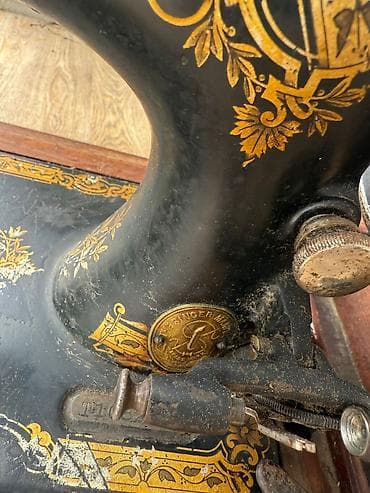 antik pullar: Məhsul: Singer əl ilə fırladılan tikiş maşını (ağır dəmirdən korpus — 4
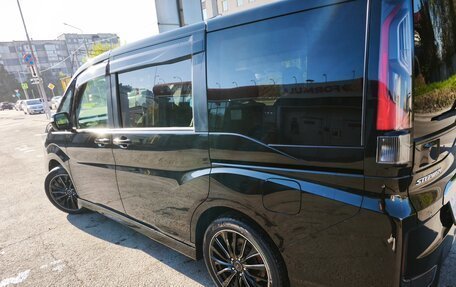 Honda Stepwgn IV, 2018 год, 2 350 000 рублей, 5 фотография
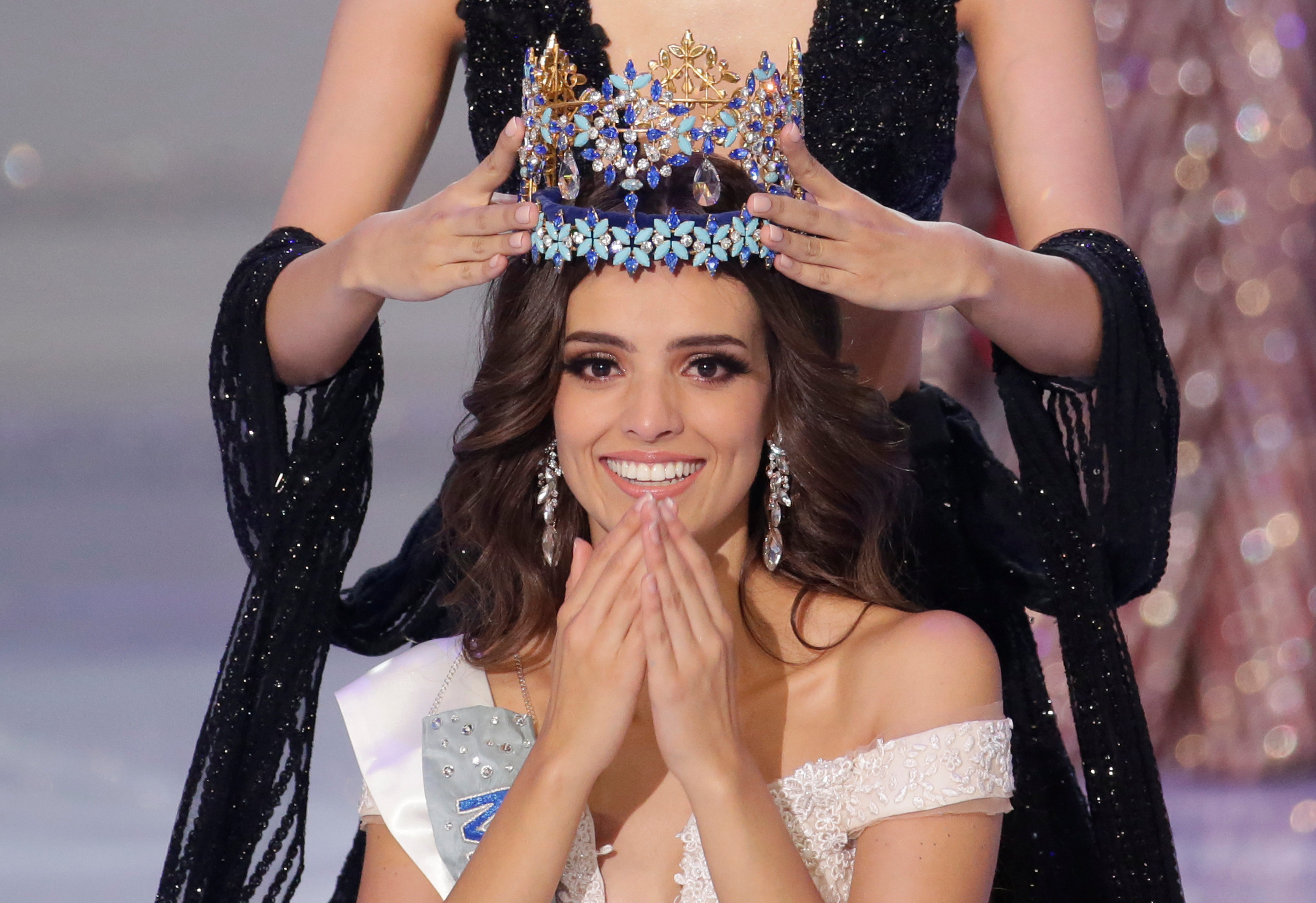 Miss Mexico Vanessa Ponce de Leon, 26, is crowned as she wins the Miss World 2018 title in Sanya, Hainan island, China December 8, 2018. REUTERS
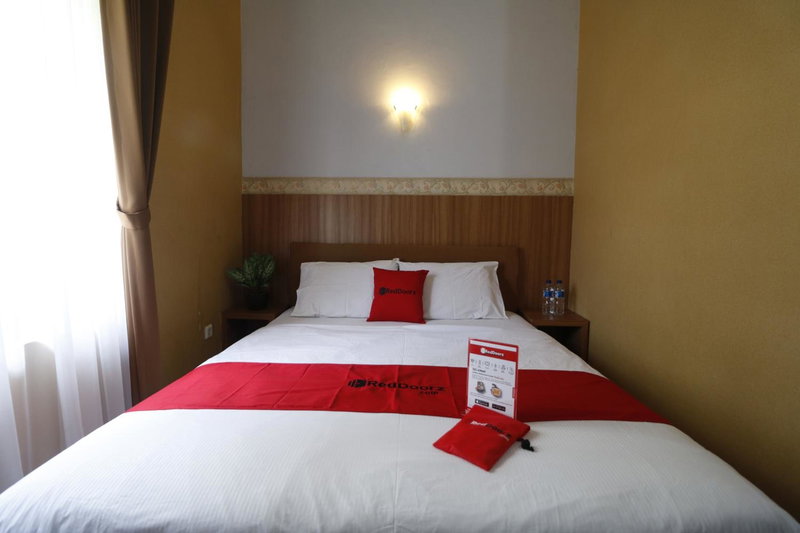 RedDoorz Plus near Undip Tembalang, Semarang, Indonesia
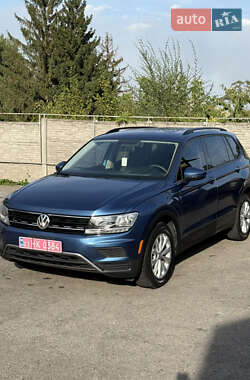 Позашляховик / Кросовер Volkswagen Tiguan Allspace 2018 в 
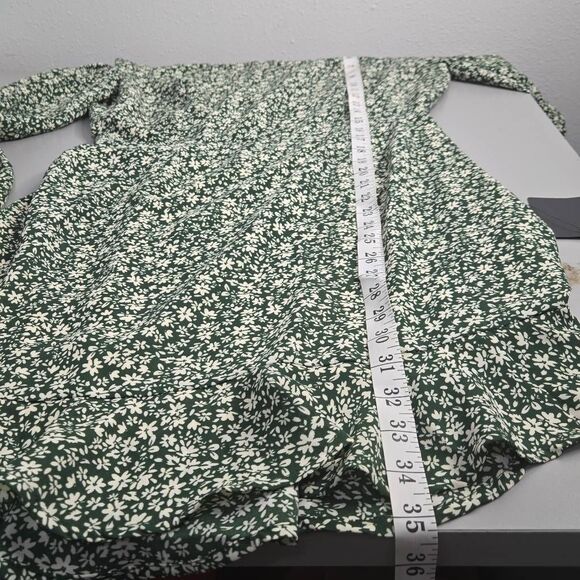 Lulus Blooming Darlin' Green Floral Print Ruffled Mini‎ Dress Size Medium - Picture 9 of 9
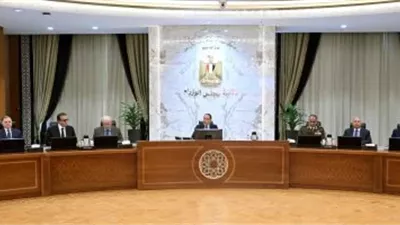 رئيس الوزراء يترأس أول اجتماع للحكومة الجديدة ويحدد أولويات المرحلة المقبلة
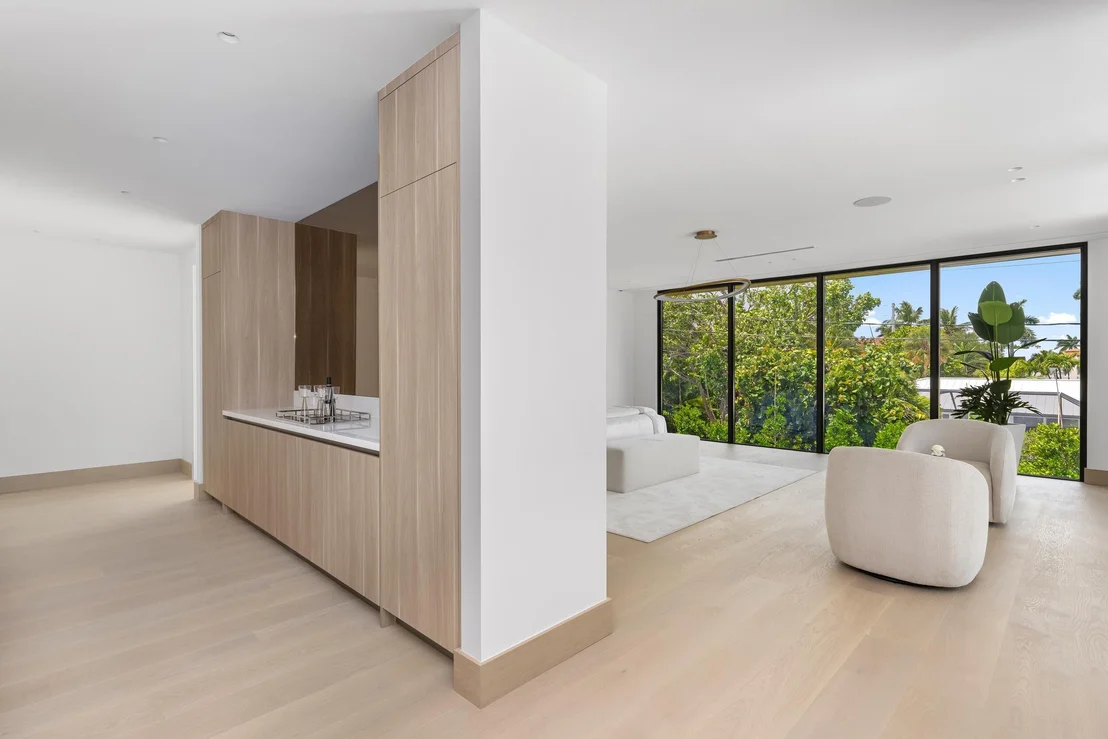 Photo of 1351 Cocoanut Road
#####
Within the listing above, find the line containing "Позашляховик / Кросовер", then print it and every line after it exactly, leaving out pictures.

*Your solution*:
 Позашляховик / Кросовер Volkswagen Tiguan Allspace 2018 в 
 Lulus Blooming Darlin' Green Floral Print Ruffled Mini‎ Dress Size Medium - Picture 9 of 9
 رئيس الوزراء يترأس أول اجتماع للحكومة الجديدة ويحدد أولويات المرحلة المقبلة
 Photo of 1351 Cocoanut Road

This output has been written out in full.